• **YOUR TASK**
The answer must consist solely of the lines from the line with "12 Sizes-24 Pcs Press On Nails JP1031" to the final line of the data below, reproduced exactly, pictures omitted.
=== Begin Enclosure ===
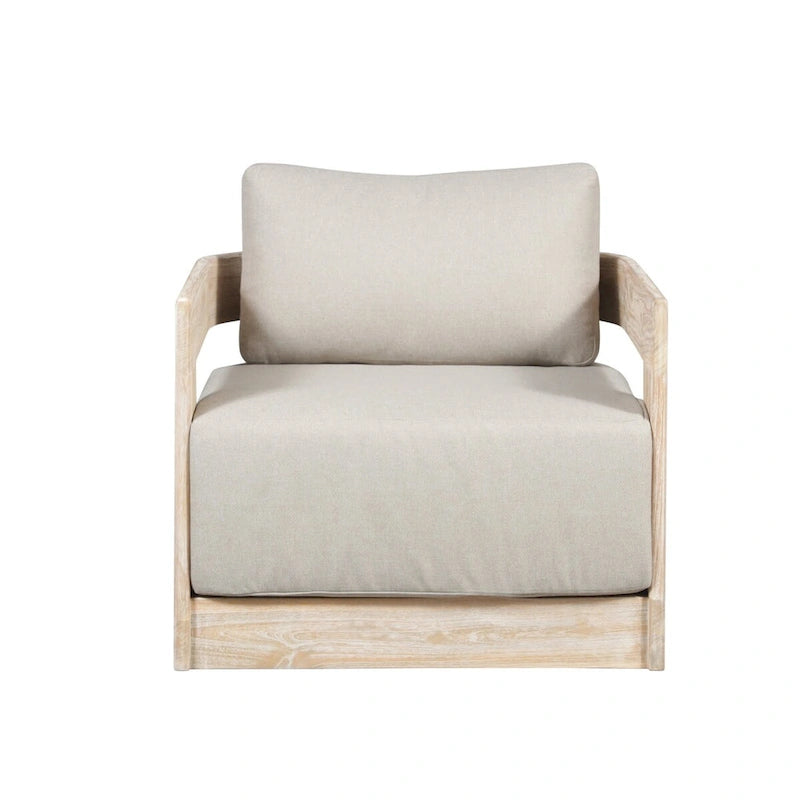Fauteuil pivotant Paradiso en teck aspect naturel pour l'extérieur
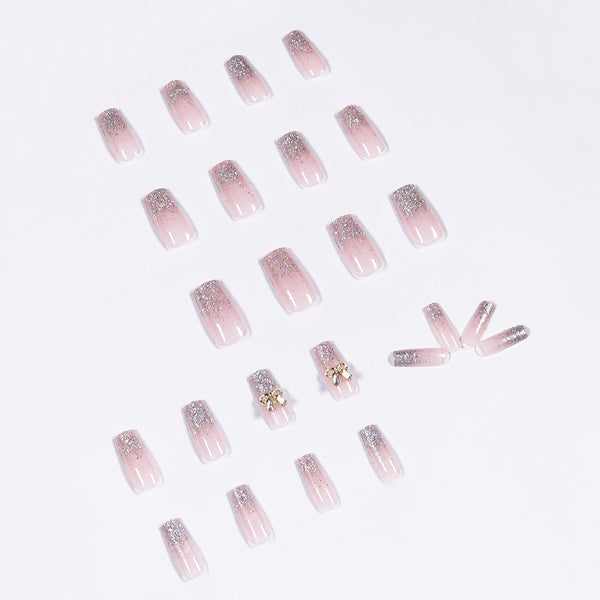 12 Sizes-24 Pcs Press On Nails JP1031
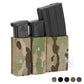 Krydex Tactical Double 9mm & 5.56 Magazine Pouch Mag Holder Duty Belt & Molle Compatible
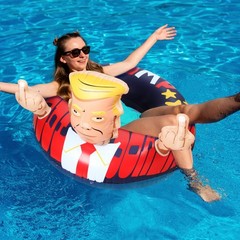 Pool Float Donald Trump Summer Giant Presidential Inflatable Pool Float, Suit…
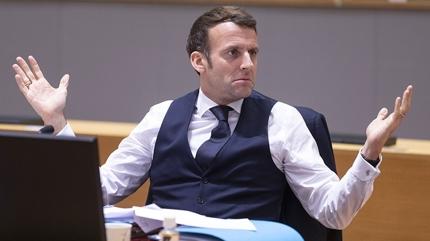 Macron'dan ucuz 'Filistin Devleti' bahanesi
=== End Enclosure ===
• **ANSWER BELOW**
 12 Sizes-24 Pcs Press On Nails JP1031
 Krydex Tactical Double 9mm & 5.56 Magazine Pouch Mag Holder Duty Belt & Molle Compatible
 Pool Float Donald Trump Summer Giant Presidential Inflatable Pool Float, Suit…
 Macron'dan ucuz 'Filistin Devleti' bahanesi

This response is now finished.